Write out exactly, with both ends included, the lines that run from the line containing "Nissan Sentra 2025 SR 4dr Sedan" to the end of the entries. Pictures are not part of the answer.

───

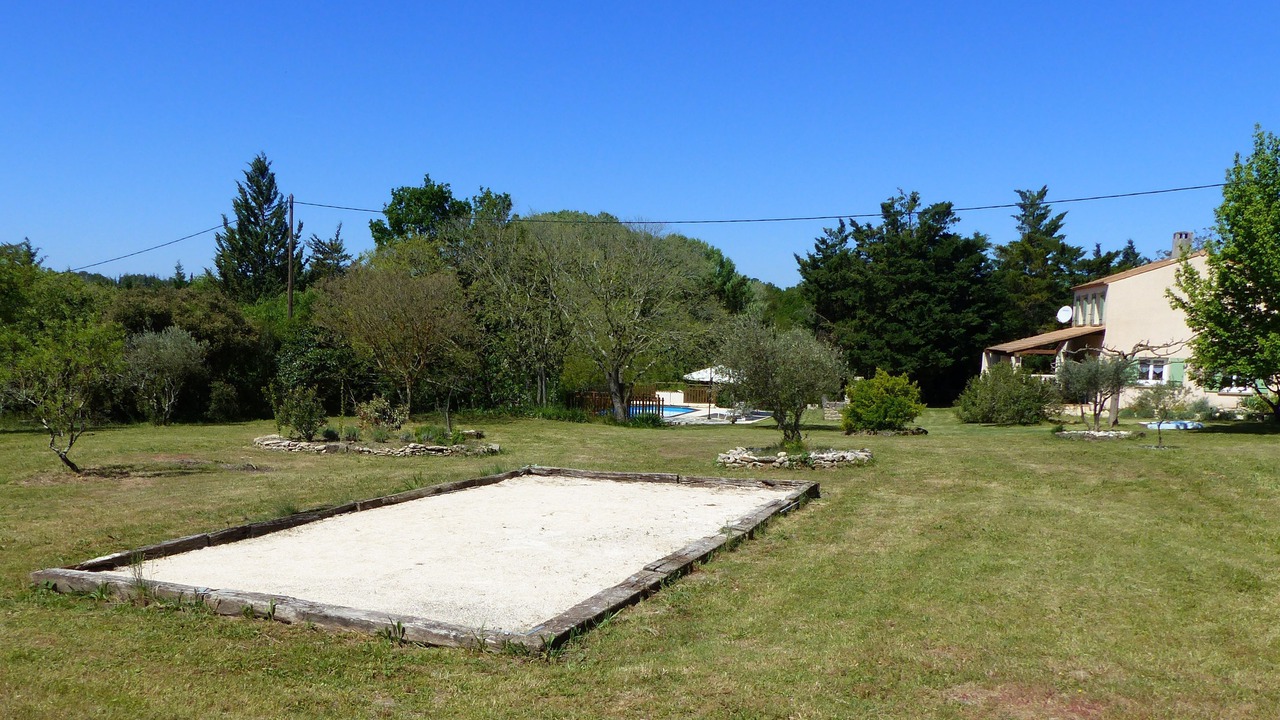Photo of Outdoor in Uzes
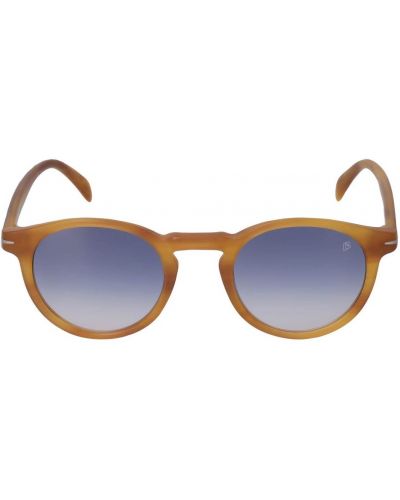 Γυαλιά ηλίου Db Eyewear By David Beckham μπλε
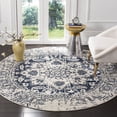 thumbnail image 1 of Safavieh Madison Katina Tapis Traditionnel Délavé, 1 of 8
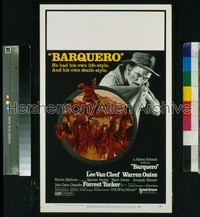 BARQUERO WC '70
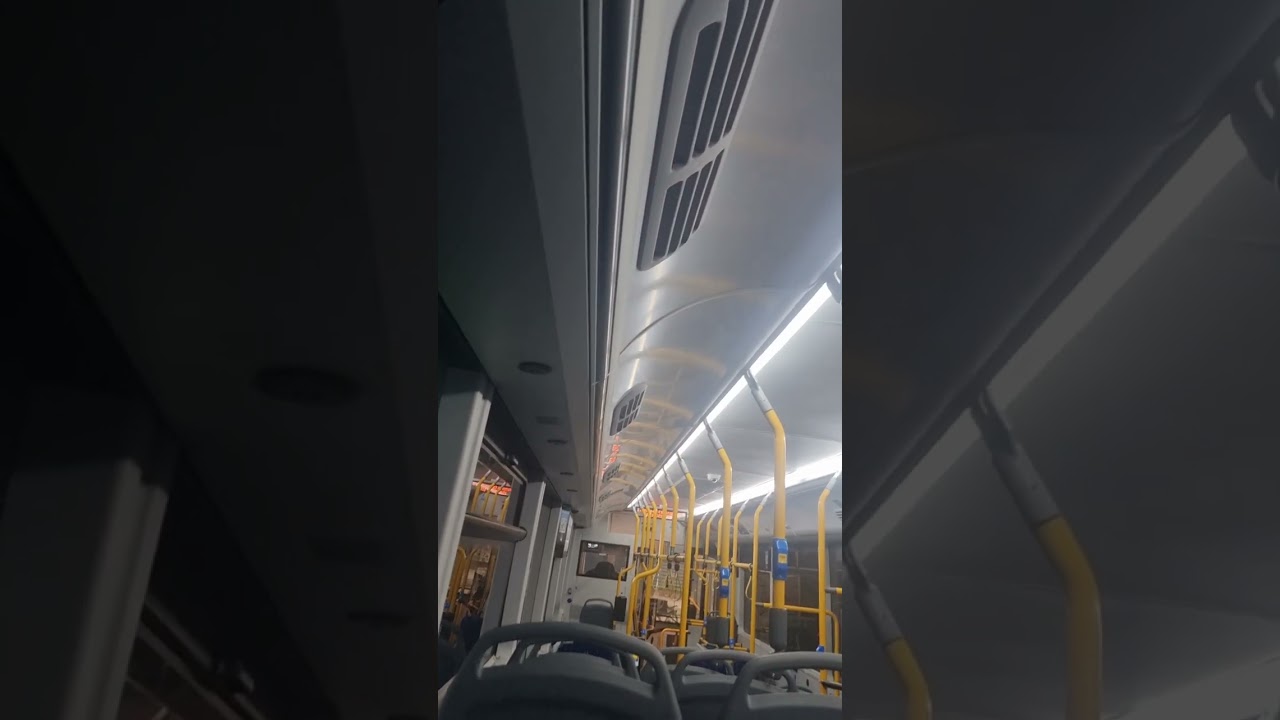 עליה לקו 7 לתחנה מרכזית רמלה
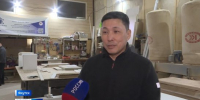 В Якутии ветеран СВО создал производственный кластер "Дело СВОих" - ГТРК Саха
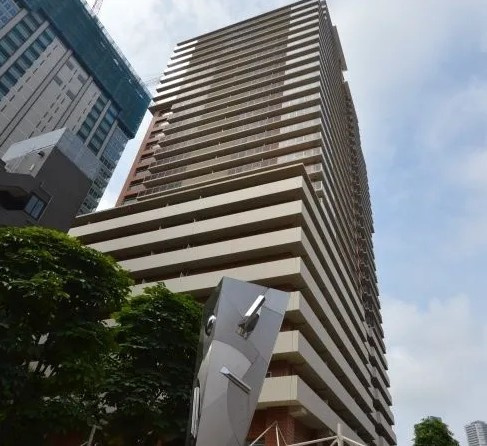 【その他】 | アイ・マークタワー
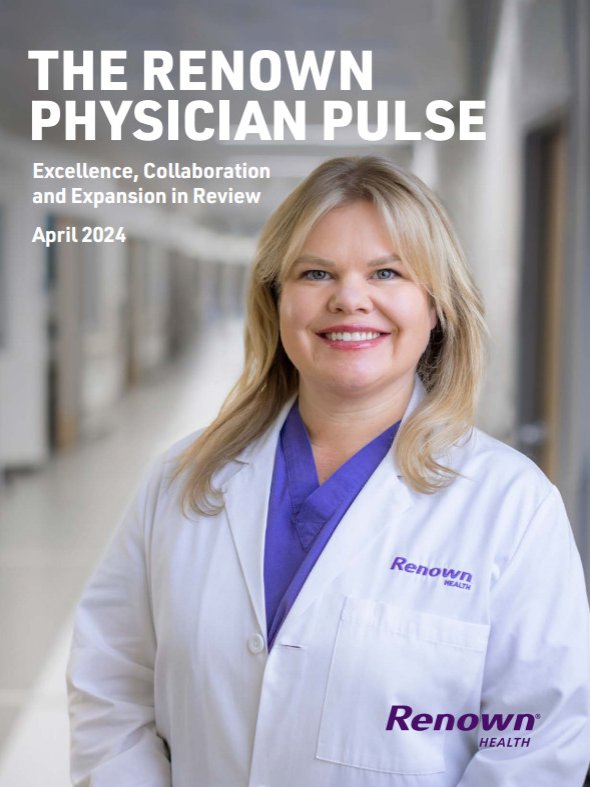 Physician Pulse April 2024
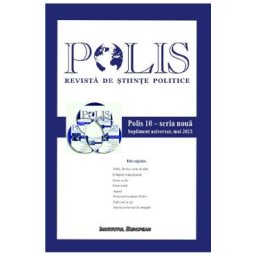 Polis Vol.10: Seria noua. Supliment aniversar. Mai 2023. Revista de stiinte politice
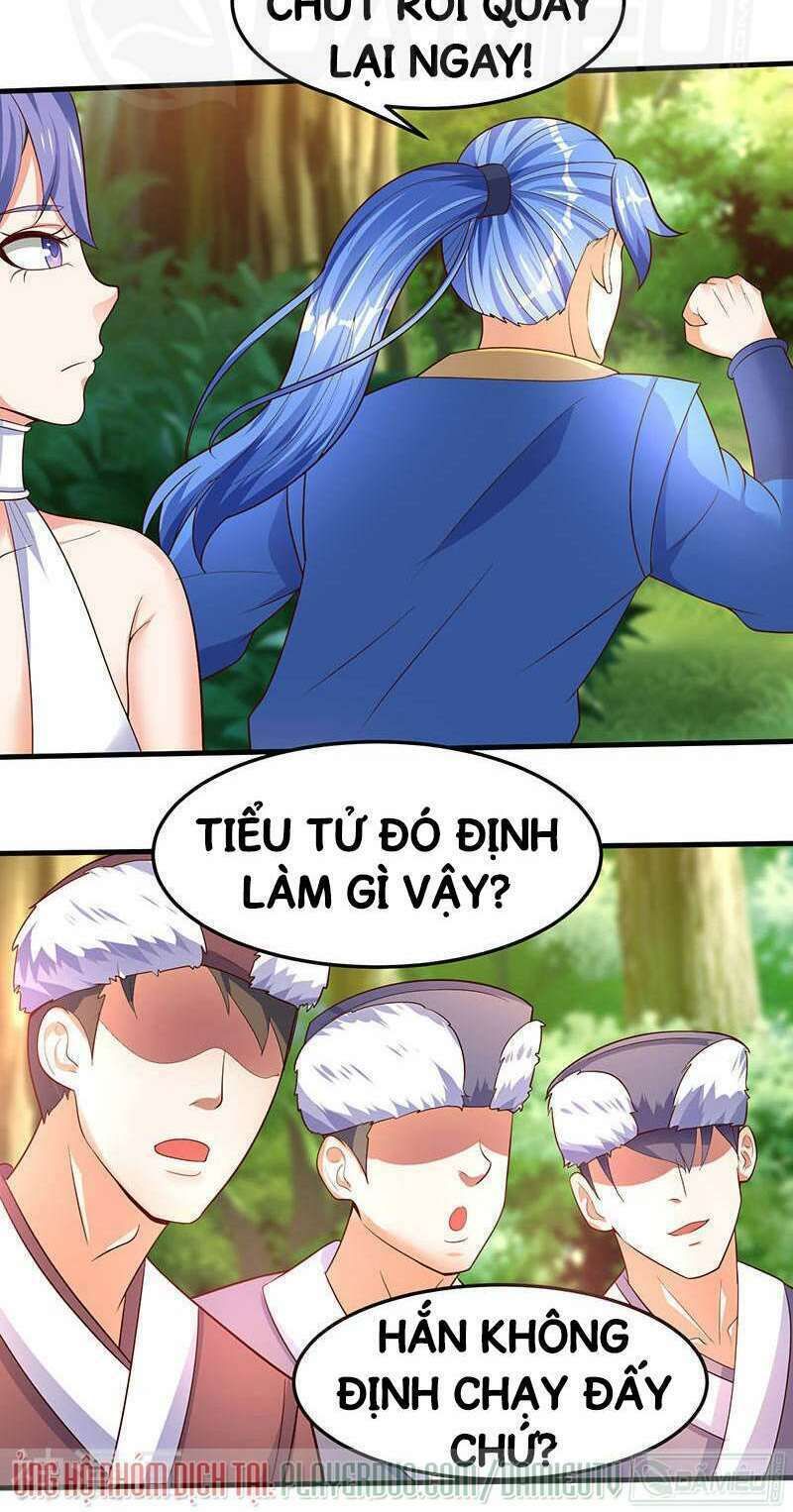 đọc truyện Tối Cường Thăng Cấp Chương 62 ảnh 8 tại Thiên Thai Truyện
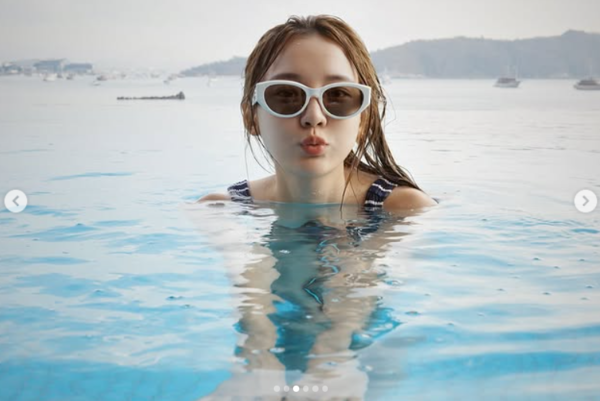 ▲▼林莎。（圖／翻攝自Instagram／superlisa821）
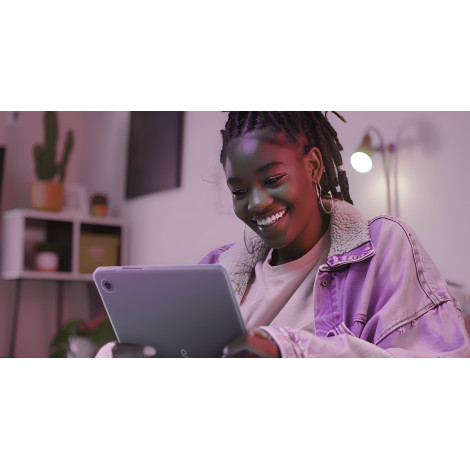 Lenovo Tab (without power adapter) | TB311FU | 10.1 " | Polar Blue | IPS | 1920 x 1200 pixels | MediaTek | Helio G85 | 4 GB | LP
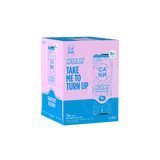 Cann HI'ER BOY case packaging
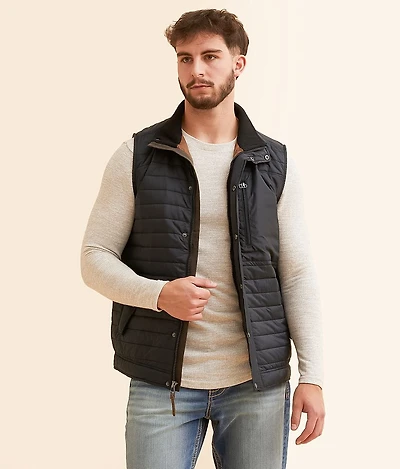 Brigade Puffer Vest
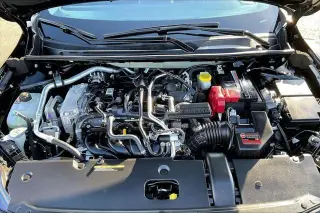 Nissan Sentra 2025 SR 4dr Sedan
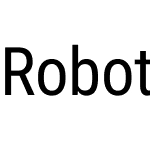 Roboto Condensed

───

▸ Solution for this problem
 Nissan Sentra 2025 SR 4dr Sedan
 Roboto Condensed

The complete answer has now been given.